Однажды Леонтьев по делам службы приехал в довольно глухую и далекую от Константинополя местность. Была холерная эпидемия. В первую же ночь по приезде он проснулся с очевидными признаками болезни. В местечке же не было ни врача, ни аптеки. Леонтьев приказал слуге отправить телеграммы в Константинополь, но это было почти бесполезно. Припадки были сильны, и надежды на спасение почти не оставалось. Он мог умереть несколько раз, прежде чем кто-нибудь успеет прибыть на помощь. «Меня охватил страх, между тем припадки все усиливались. — вспоминал позднее Николай Константинович. — Я лежал и взгляд случайно упал на икону, висевшую напротив. Это была Божия Матерь. Я невольно стал всматриваться. Она глядела грустно и строго, а мне становилось все хуже. Смерть наводила на меня ужас… Пристальный взгляд Божией Матери начал меня раздражать. Казалось, что Она пророчит мне смерть. В припадке ярости я крикнул иконе, потрясая обессилившим кулаком: “Рано, матушка, рано! Ошиблась. Я бы мог еще много сделать в жизни”. Припадки гнева и холеры чередовались, и, наконец, меня охватило чувство беспомощной покорности. Я начал молиться Божией Матери. Умолял Ее сохранить мне жизнь, обещая за это принять монашество. Наверное, это был первый вопль зарождавшейся веры. Впрочем, как бы то ни было, к утру я был здоров».

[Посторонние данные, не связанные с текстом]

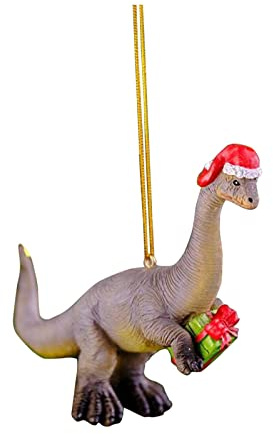 Dinosaurier Weihnachtsanhänger mit Weihnachtsmütze, 2D Acryl-Anhänger Lustige Baumschmuck Basteln Weihnachten Geschenk Anhänger Weihnachten Deko als Weihnachtsschmuck,Christbaumschmuck (A, One Size)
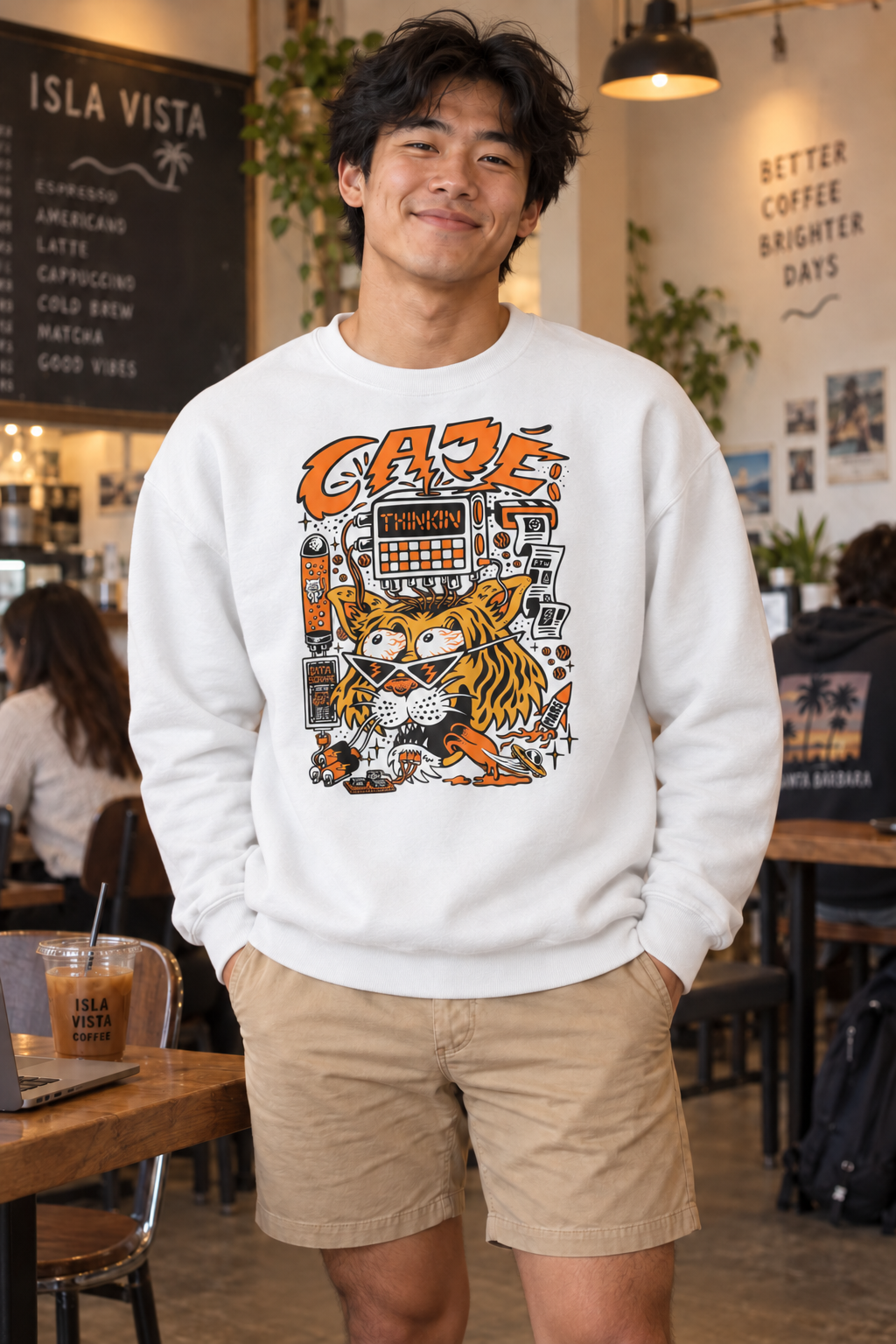 Thinkin' Tiger Crewneck Sweatshirt - White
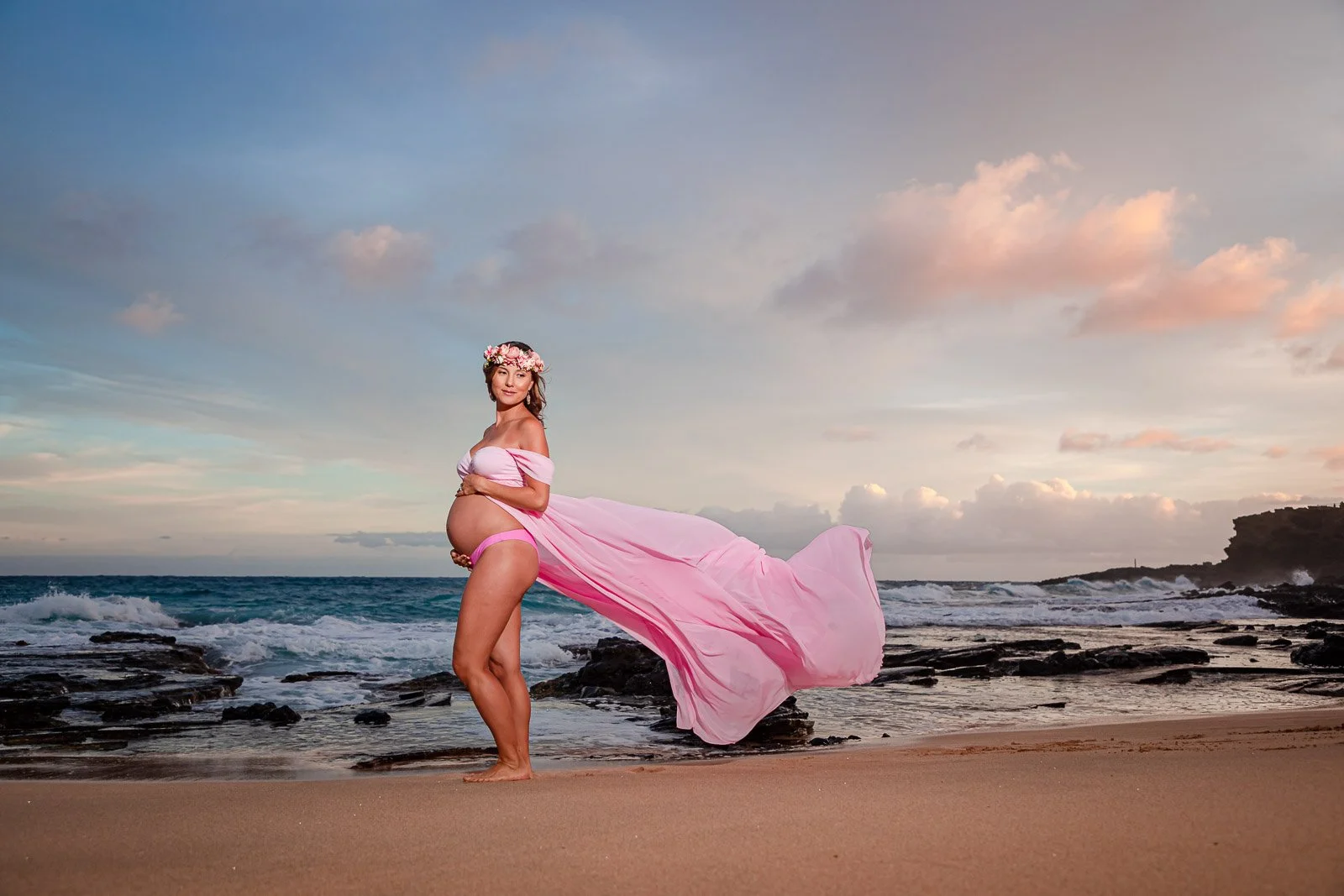 blowing gown maternity sunset photography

Через некоторое время Леонтьев, придумав для поездки служебный предлог, отправился на Афон в русский Пантелеимонов монастырь, который в то время был знаменит своими старцами. Как русского консула его встретили торжественно. С колокольным звоном навстречу ему вышла вся братия монастыря во главе с настоятелем. После молебна и праздничной трапезы Леонтьев заявил, что ему необходимо переговорить с духовником обители. Это желание было немедленно исполнено. «Я подходил к его келье с бесконечною жаждою смирить себя и найти здесь веру, — вспоминал Николай Константинович. — Переступив порог, я подошел к старцу и без слов с рыданием упал к его ногам. Так разрешилась эта напряженная внутренняя драма!» Это был первый решительный шаг Леонтьева.

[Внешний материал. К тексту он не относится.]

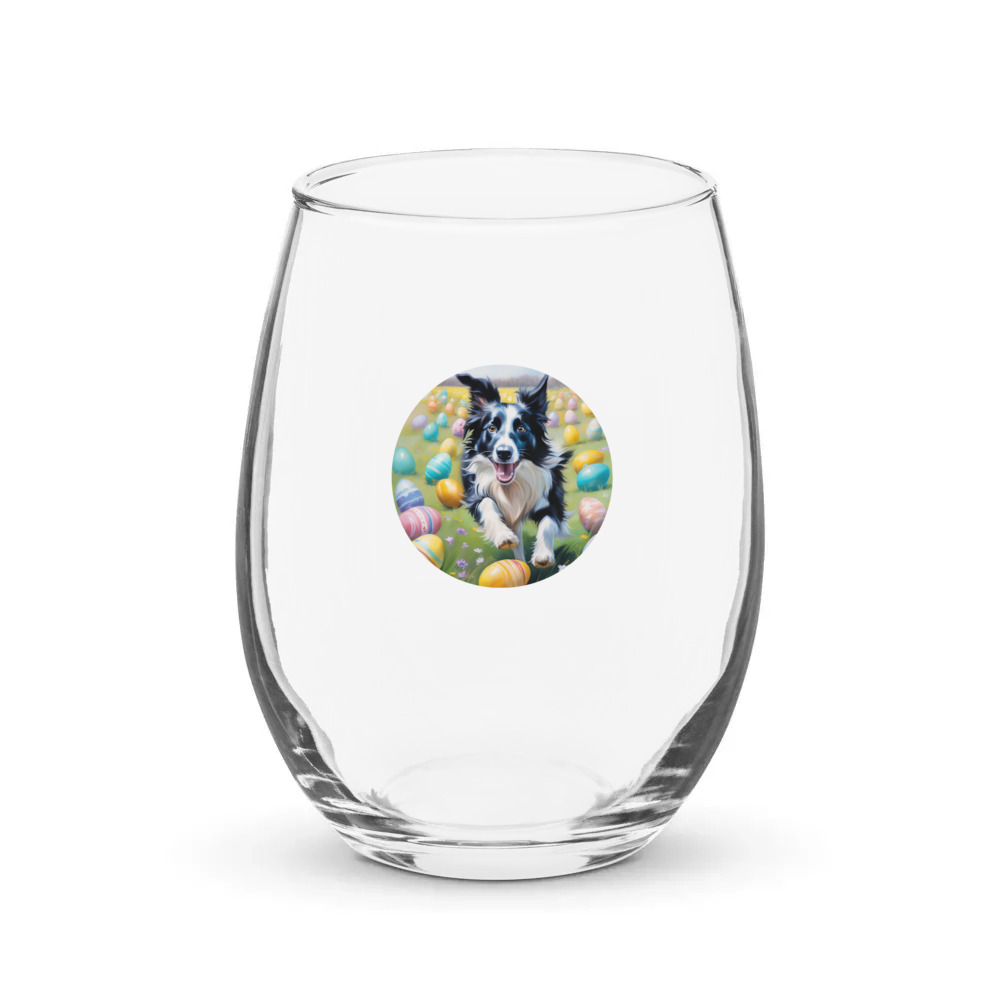 PugMug Custom Border Collie Stemless Wine Glass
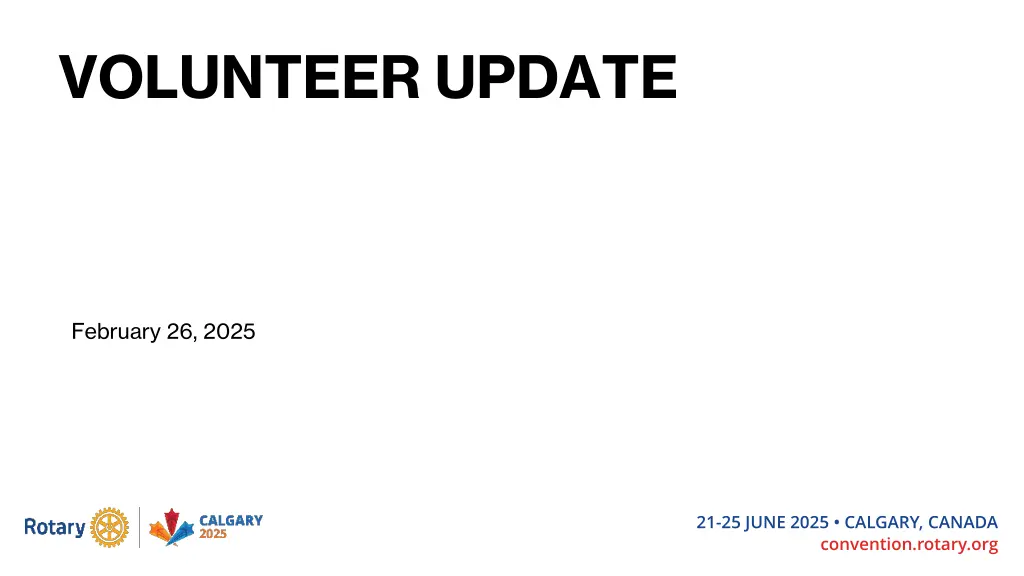 volunteer update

Вторым шагом Леонтьева к Богу была отставка и жизнь на Афоне более года под руководством опытного духовника. Многому пришлось учить «неверующего» Леонтьева. Его разговоры о Боге, вере и неверии, о монашестве осветили предстоящий путь жизни, и поездка на Афон оказалась плодотворной. Уезжал в Россию он верующим человеком.

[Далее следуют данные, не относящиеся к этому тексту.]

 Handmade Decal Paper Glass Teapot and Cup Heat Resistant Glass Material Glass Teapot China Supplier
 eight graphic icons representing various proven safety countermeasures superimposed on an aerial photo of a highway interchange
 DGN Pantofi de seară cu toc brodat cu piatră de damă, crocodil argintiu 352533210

Препятствий для пострига оказалось очень много. Афонские старцы отправили его в Оптину пустынь под руководство преподобного Амвросия. Однако и здесь исполнение обета затянулось у Леонтьева почти на 20 лет и совершилось только в последний год его жизни. Его здоровье постоянно ухудшалось. Он становился все более хилым, несмотря на то, что ему не было и 60 лет. «Многие раны грешнику», — повторял он. В 1891 году старец Амвросий постриг его в монашество с именем Климент и отправил на жительство в Троице-Сергиеву Лавру, а через несколько месяцев Леонтьев скончался от воспаления легких. «Вот и Леонтьева уже нет.., — пишет один из современников мыслителя. — Он был добрым человеком, христианином. И сумел дойти до смирения. А это великая вещь...».